Et c’est bien dommage.

Même lorsqu’il s’en prenait aux immigrants, mon problème n’était pas qu’il veuille réduire l’immigration illégale aux États-Unis, mais plutôt la manière dont il s’y prenait. Il devrait reconnaître, en dehors bien sûr du rôle de la corruption dans ces pays (comme chez nous), la lamentable partition jouée par l’Oncle Sam dans l’appauvrissement systématique des « pays du Sud » (terme que j’emploie pour faire plaisir à la gauche). Mais cela me prive d’une arme dont j’ai tant besoin dans mes querelles récurrentes sur le Net avec mes amis de tendance libérale. Défendre l’Amérique est une prérogative des plus urgentes, et personne ne devrait la discréditer à cause de la passion avec laquelle elle s’efforce de protéger ses intérêts.

Cela dit, la grande majorité de ceux qui prennent d’assaut les frontières nord ou sud des États-Unis voient en cet El Dorado ce que les familles blanches convoitaient jadis et pour lequel beaucoup ont perdu la vie. Le Parti républicain, que Trump représente et qui se veut un parti à sympathies chrétiennes, devrait se souvenir des injonctions faites aux Israélites par Dieu dans l’Ancien Testament : « Souviens-toi que tu fus esclave en Égypte. »

Le parallèle entre les Américains et les Israélites est frappant. Sous le joug monarchique, les pionniers quittèrent l’Angleterre pour l’inconnu, où ils pourraient adorer leur Dieu en toute liberté, tout comme les Israélites sous la direction de Moïse cherchaient Canaan. L’étrangeté de l’Amérique pour les premiers Européens n’était pas si différente du désert pour les Israélites. Ces pionniers, comme les Israélites, durent mener des guerres pour pouvoir s’établir. Mais Dieu, conscient que ces victoires peuvent rendre l’humain hautain et orgueilleux, leur rappelait souvent de ne jamais oublier leur passé.
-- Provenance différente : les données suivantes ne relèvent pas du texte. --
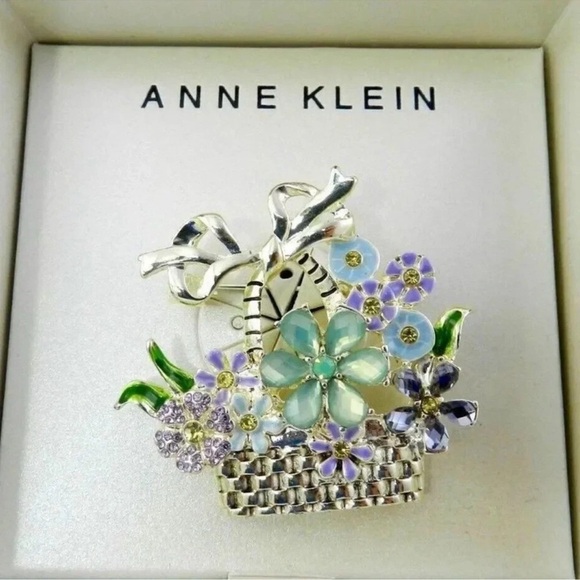 Anne Klein Silver-Tone Multi-Stone Flower Basket Pin, Brand New with tag NWT - Picture 1 of 3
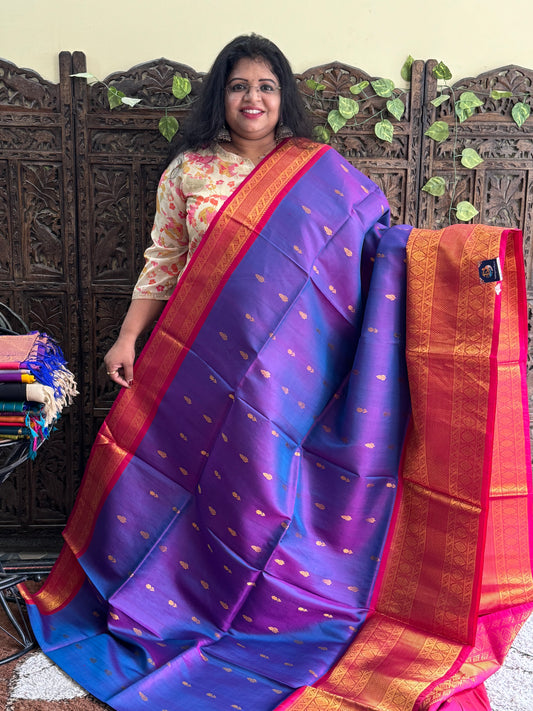 Gadwal Silk Saree Blue Violet Colored Complemented With Gold Zari Border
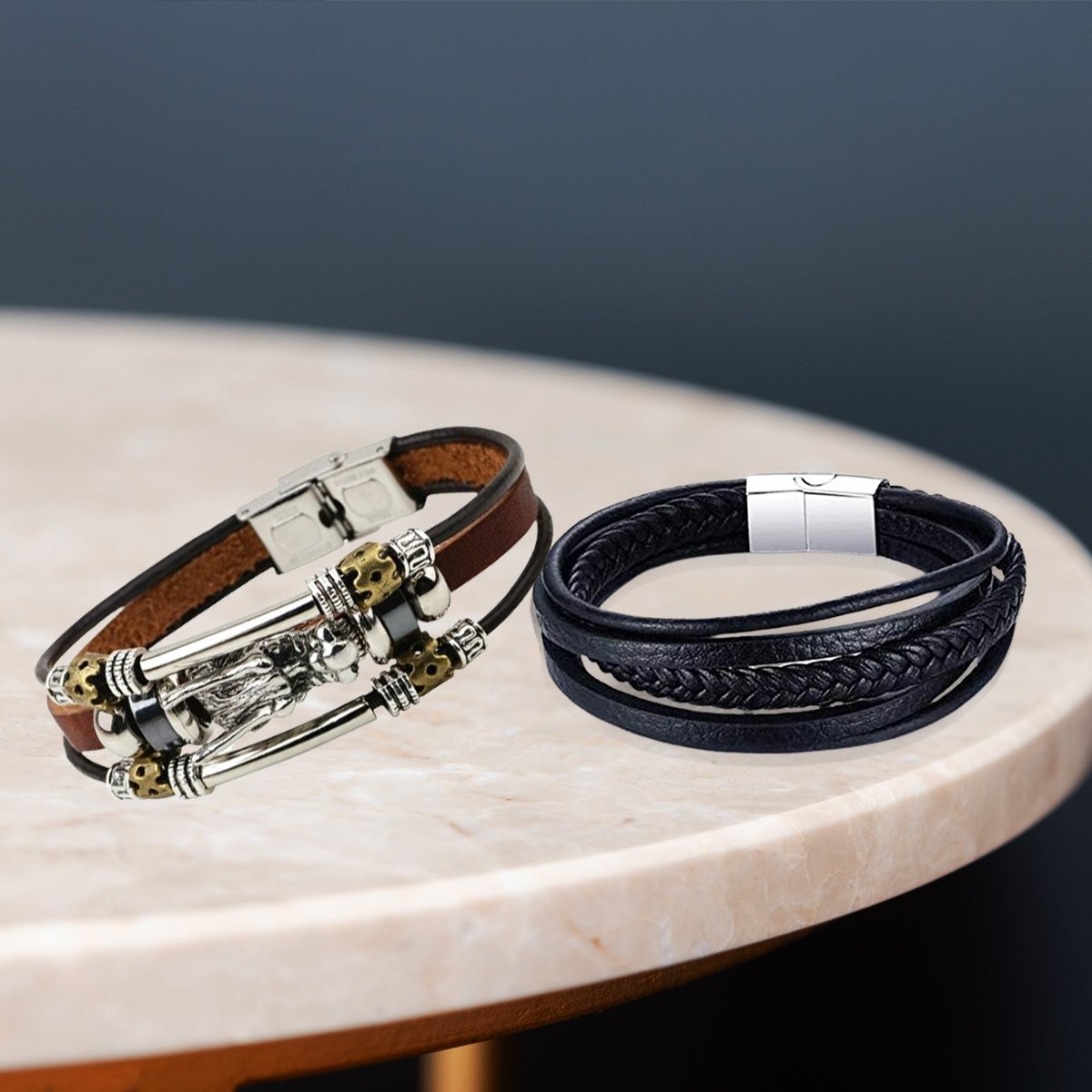 Men's Leather Silver-plated Black-Brown Bracelet Combo (Pack of 2) image 1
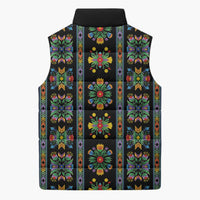 Regalia Stripe Floral Pattern Sleeveless Puffer Jacket Colorful Attractive - Wonder Print Shop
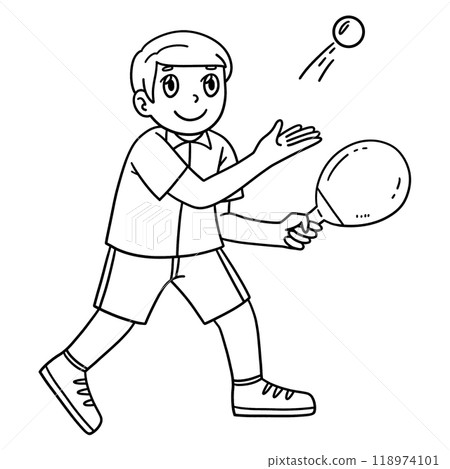 Table Tennis Player doing a Toss Serve Isolated Table Tennis Player doing a Toss Serve Isolated 118974101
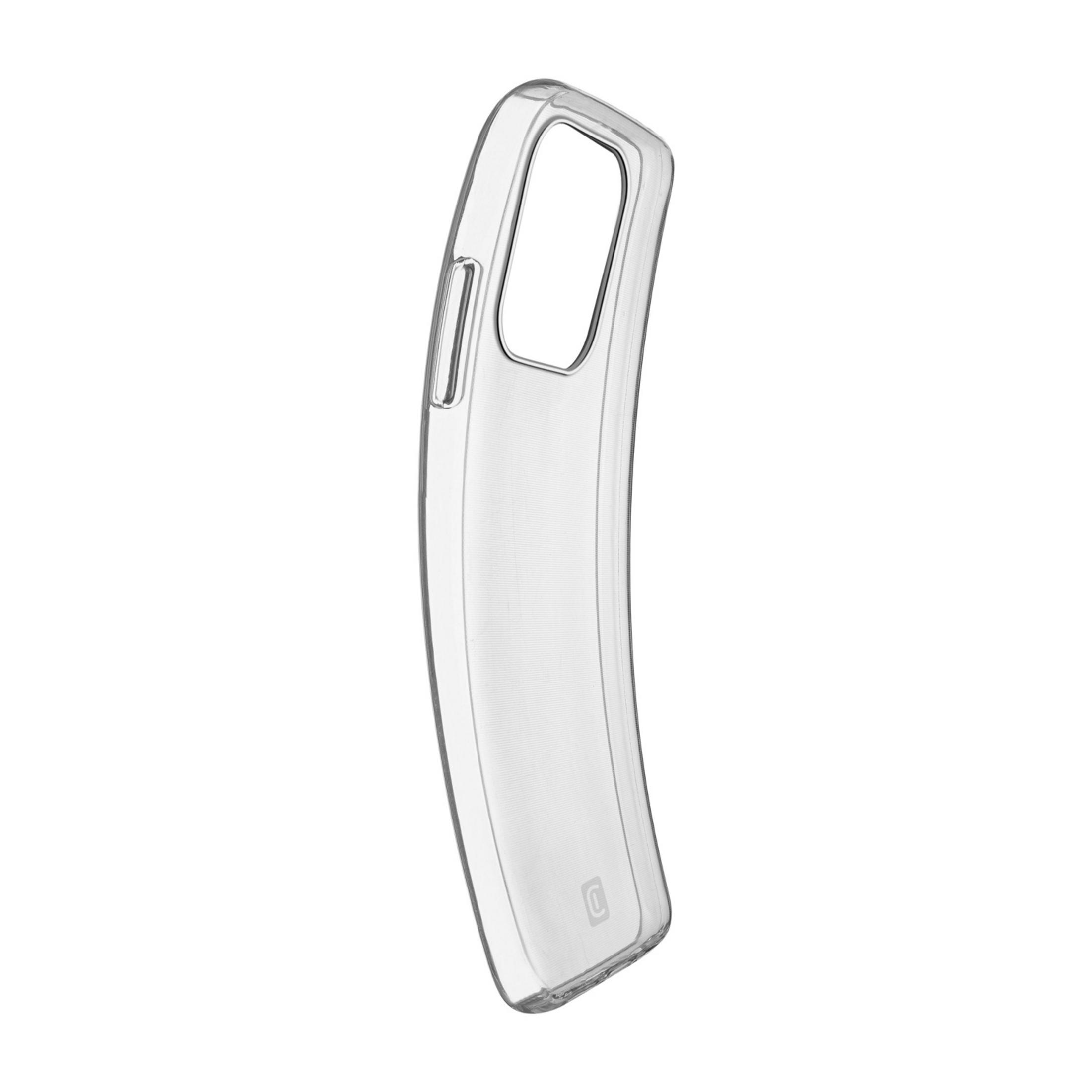 Una cover trasparente per telefono con apertura rettangolare.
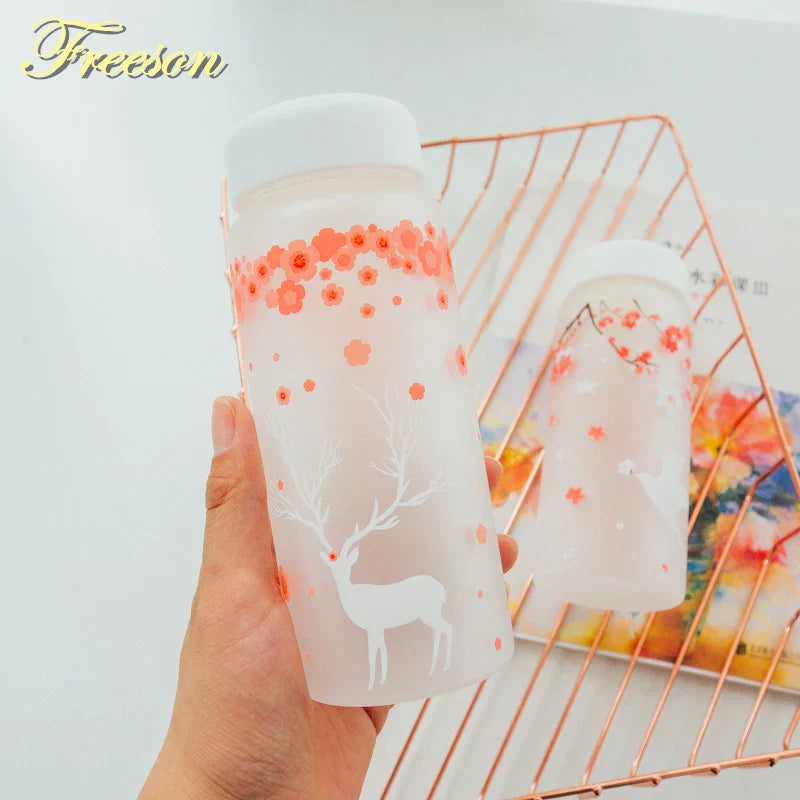 DecorBites™ 430ml Swallow Frost Glass Water Bottle with Sleeve, Elk Design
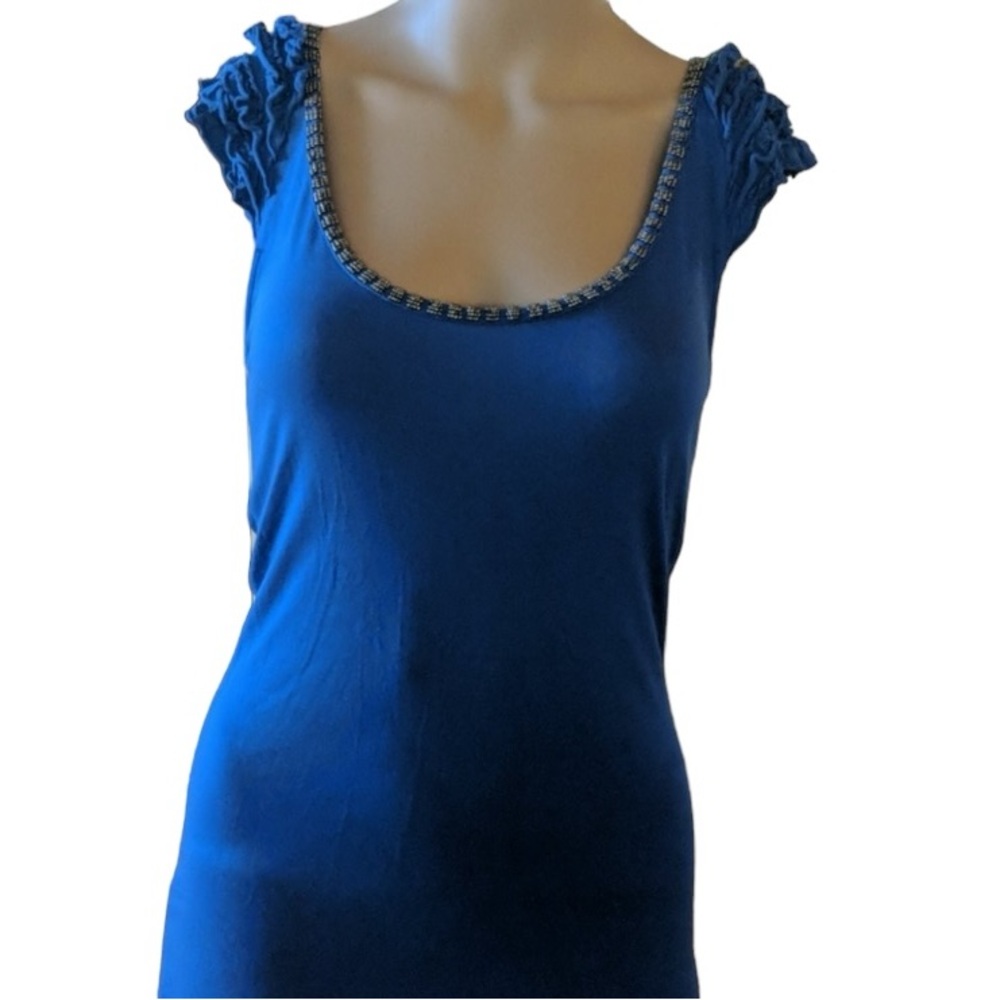 Remain Women’s Blue Ruffle Sleeve Bead Neckline Top Size Small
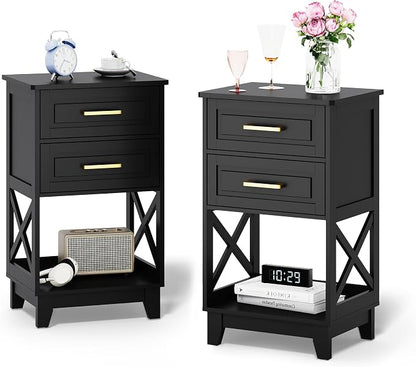 RoyalCraft 30" Tall Nightstand, Modern Painted Bedside Table with 2 Drawers and Open Shelf, Wood Side Table for Bedroom, Home Office, Black-Open Shelf Below, Set of 2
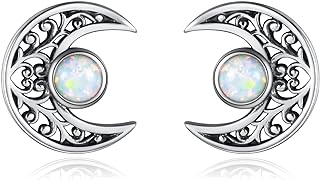 Opal Gem Sterling Silver Crescent Moon Stud Earrings with Push Back for Women and Girls - Enchanting Gift Jewelry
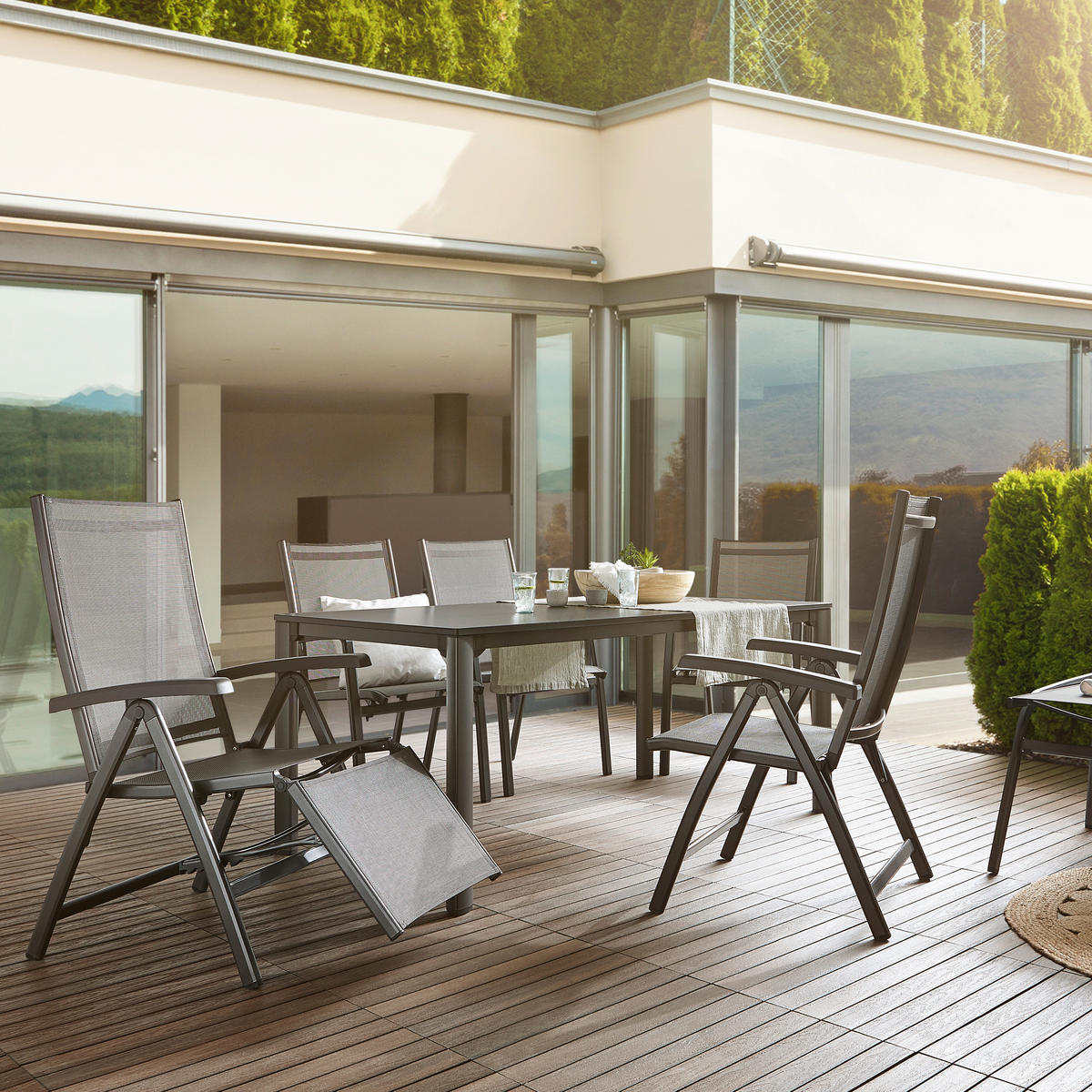 GARTENTISCH Metall Anthrazit rechteckig  - Anthrazit/Grau, Basics, Metall (165/95/74cm) - Sieger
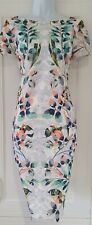 Womens Per Una Premium White Multi Guipure Lace Occasion Wiggle Dress 8 Vgc.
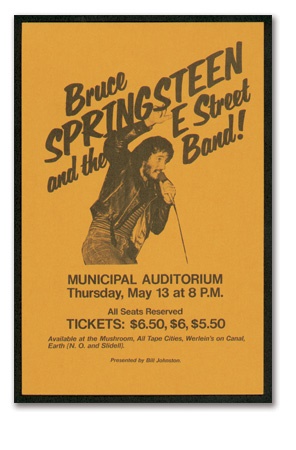 - 1971 Bruce Springsteen New Orleans Concert Handbill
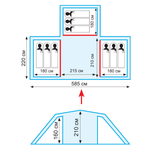 Размеры. Палатка Tramp Brest 9 V2 (3 комнаты, 9 мест)
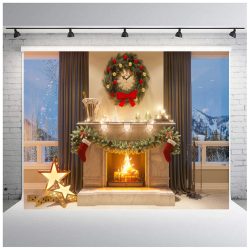   Polyester fotó háttér. Karácsonyi stúdió háttér 210cm x 250cm plsd-550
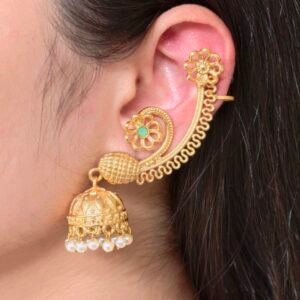 Affordable Design Gold Plated Jhumka Earcuff | Stone & Pearl Traditional Jewelry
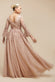 Sunray Hand Embellished Sequin A-Line Bell Sleeve Maxi Dress DR4654
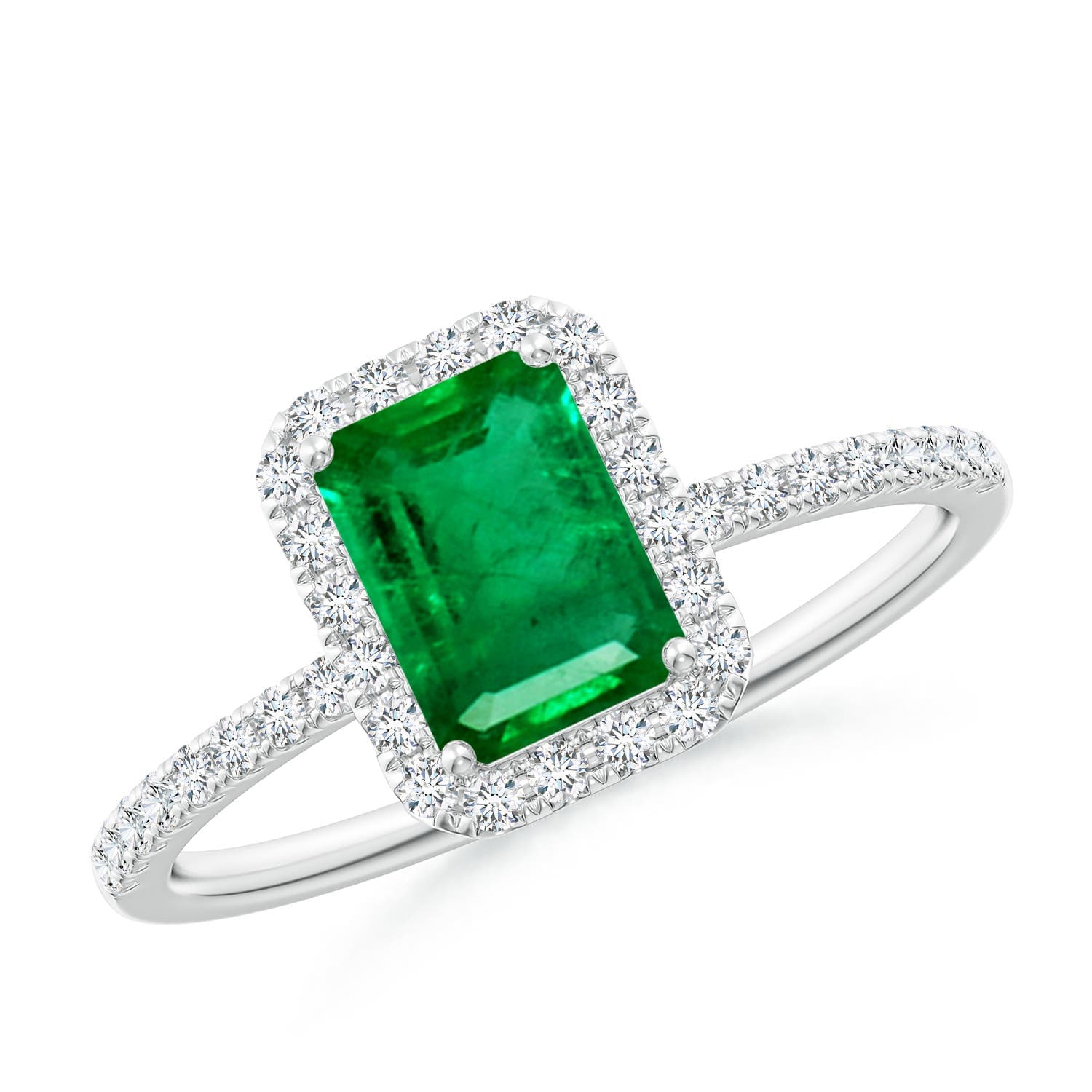 Emerald-Cut Emerald Classic Halo Engagement Ring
C’est précisément le rôle que devraient jouer les évangéliques dans ce drame ô combien pathétique et tragique. La protection de l’Amérique ne doit pas se faire au prix de la déshumanisation des autres. Oui, les immigrants illégaux doivent retourner chez eux. Oui, ils sont en faute. Mais que perdrait l’Amérique à les soutenir avec un peu d’argent ? Les États-Unis auraient tout à gagner en aidant, par exemple, à combattre les gangs en Haïti et à promouvoir les investissements dans le pays.

La protection, oui. Mais pas au prix de l’avilissement et de la « crachatisation » de l’autre.